Ludwig Gross smiled bitterly. "I expected that question, it comes from all sides. The Passion Play does not enrich individuals, for the few hundred marks, more or less, which each of the six hundred actors receives, do not cover the deficit of all the work which the people must neglect. The revenue is partly consumed by the expenses, partly used for the common benefit, for schools and teachers. The principal sums are swallowed by the Leine and the Ammer! The ravages of these malicious mountain streams require means which our community could never raise, save for the receipts of the Passion Play, and even these are barely sufficient for the most needful outlay."

"Is it possible? Those little streams!" cried the countess.

"Would flood all Ammergau," Gross answered, "if we did not constantly labor to prevent it. We should be a poor, stunted people, worn down by fever, our whole mountain valley would be a desolate swamp. The Passion Play alone saves us from destruction--the Christ who once ruled the waves actually holds back from us the destroying element which would gradually devour land and people. But, for that very reason, the individual has learned here, as perhaps nowhere else in the world, to live and sacrifice himself for the community! The community is comprised to us in the idea of the Passion Play. We know that our existence depends upon it, even our intellectual life, for it protects us from the savagery into which a people continually struggling with want and need so easily lapses. It raises us above the common herd, gives even the poorest man an innate dignity and self-respect, which never suffer him to sink to base excesses."

"I understand that," the countess answered.

"Then can you wonder that not one of us hesitates to devote property, life, and every power of his soul to this work of saving our home, our poor, oppressed home, ever forced to straggle for its very existence?"

"What a man!" the countess involuntarily exclaimed aloud. Ludwig Gross had folded his arms across his breast, as if to restrain the pulsations of his throbbing heart. His whole being thrilled with the deepest, noblest emotions. He rose and took his hat, like a person whose principle it is to shut every emotion within his own bosom, and when a mighty one overpowers him, to hide himself that he may also hide the feeling.

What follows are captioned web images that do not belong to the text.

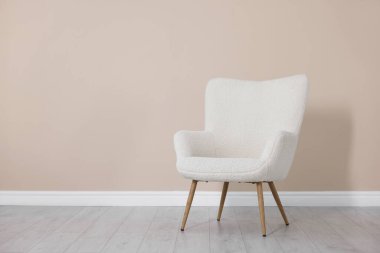 Bej duvarın yanındaki rahat koltuk, metin için boşluk.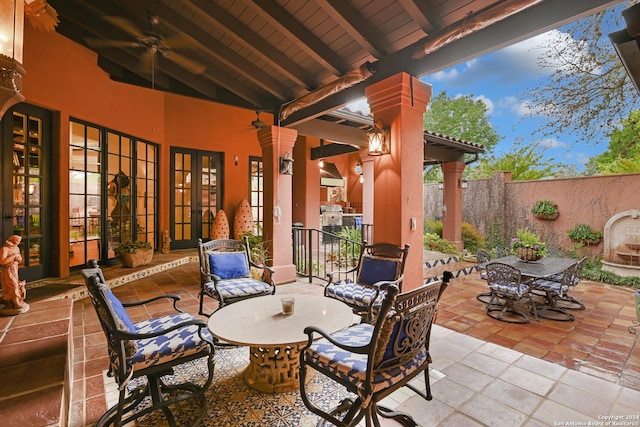 view of patio / terrace with outdoor dining space, fence, a ceiling fan, and french doors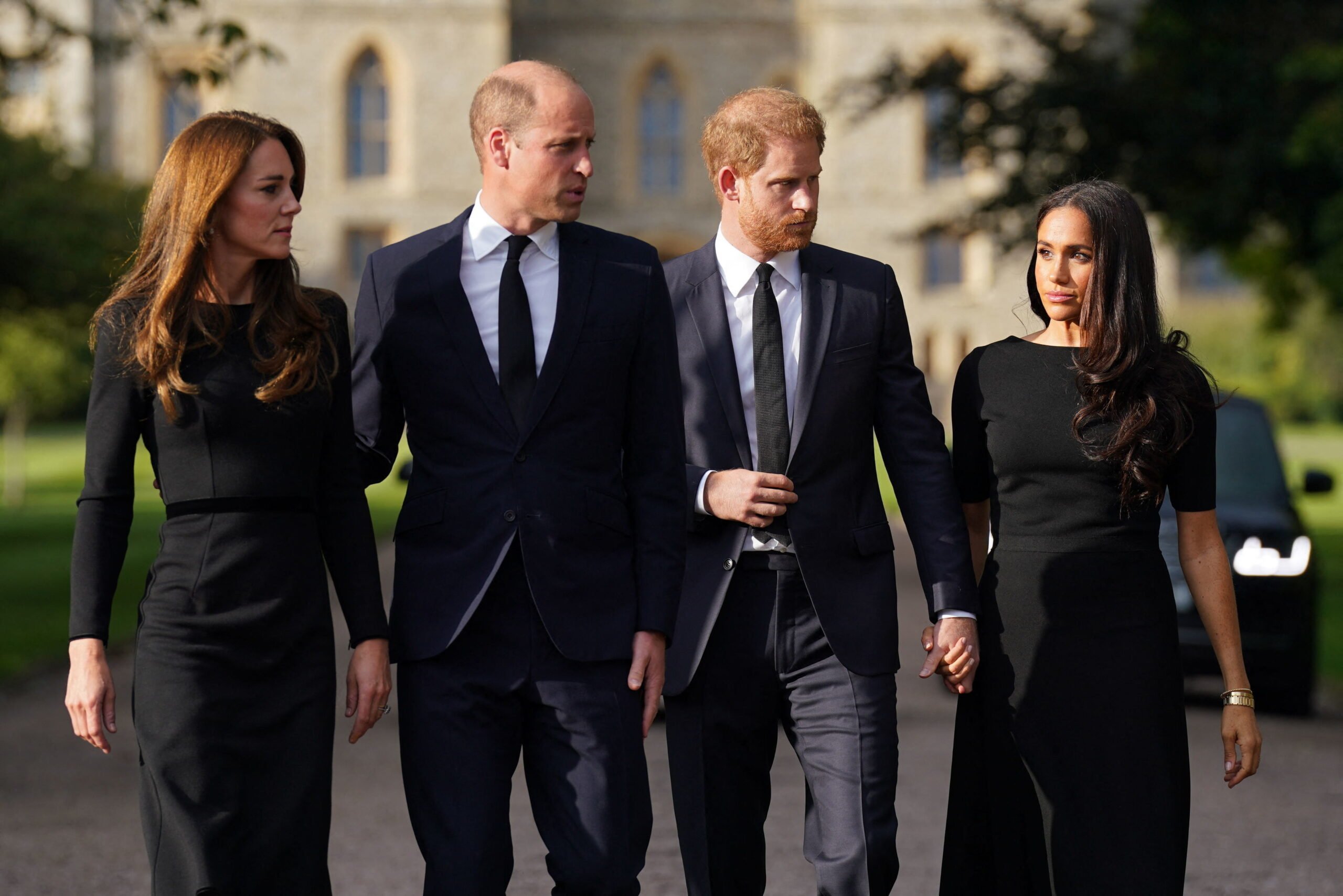 TOPSHOT - (L-R) Britain's Catherine, Princess of Wales, Britain's Prince William, Prince of Wales, Britain's Prince Harry, Duke of Sussex, and Meghan, Duchess of Sussex on the long Walk at Windsor Castle on September 10, 2022, before meeting well-wishers. King Charles III pledged to follow his mother's example of "lifelong service" in his inaugural address to Britain and the Commonwealth on Friday, after ascending to the throne following the death of Queen Elizabeth II on September 8. (Photo by Kirsty O'Connor / POOL / AFP) (Photo by KIRSTY O'CONNOR/POOL/AFP via Getty Images)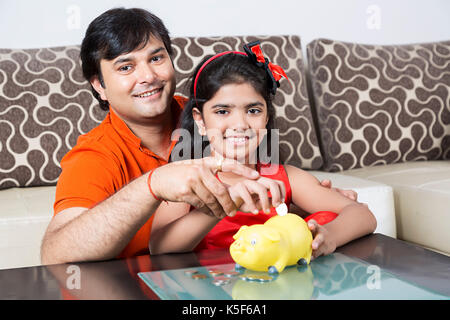 Indische Vater und Tochter Geld sparen Sparschwein Zukunft Bildung Stockfoto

"No," cried the countess, "you must not leave me so, you rare, noble-hearted man. You have just done me the greatest service which can be rendered. You have made my heart leap with joy at the discovery of a genuine human being. Ah! it is a cordial in this world of conventional masks! Give me your hand! I am beginning to understand why Providence sent me here. That must indeed be a great cause which rears such men and binds such powers in its service."

Ludwig Gross once more stood calm and quiet before her. "I thank you, Countess, in the name of the cause for which I live and die."

"And, in the name of that cause, which I do not understand, yet dimly apprehend, I beg you, let us be friends. Will you? Clasp hands upon it."

A kindly expression flitted over the grave man's iron countenance, and he warmly grasped the little hand.

"With all my heart, Countess."

She held the small, slender artist-hand in a close clasp, mournfully reading in the calm features of the stern, noble face the story of bitter suffering and sacrifice graven upon it.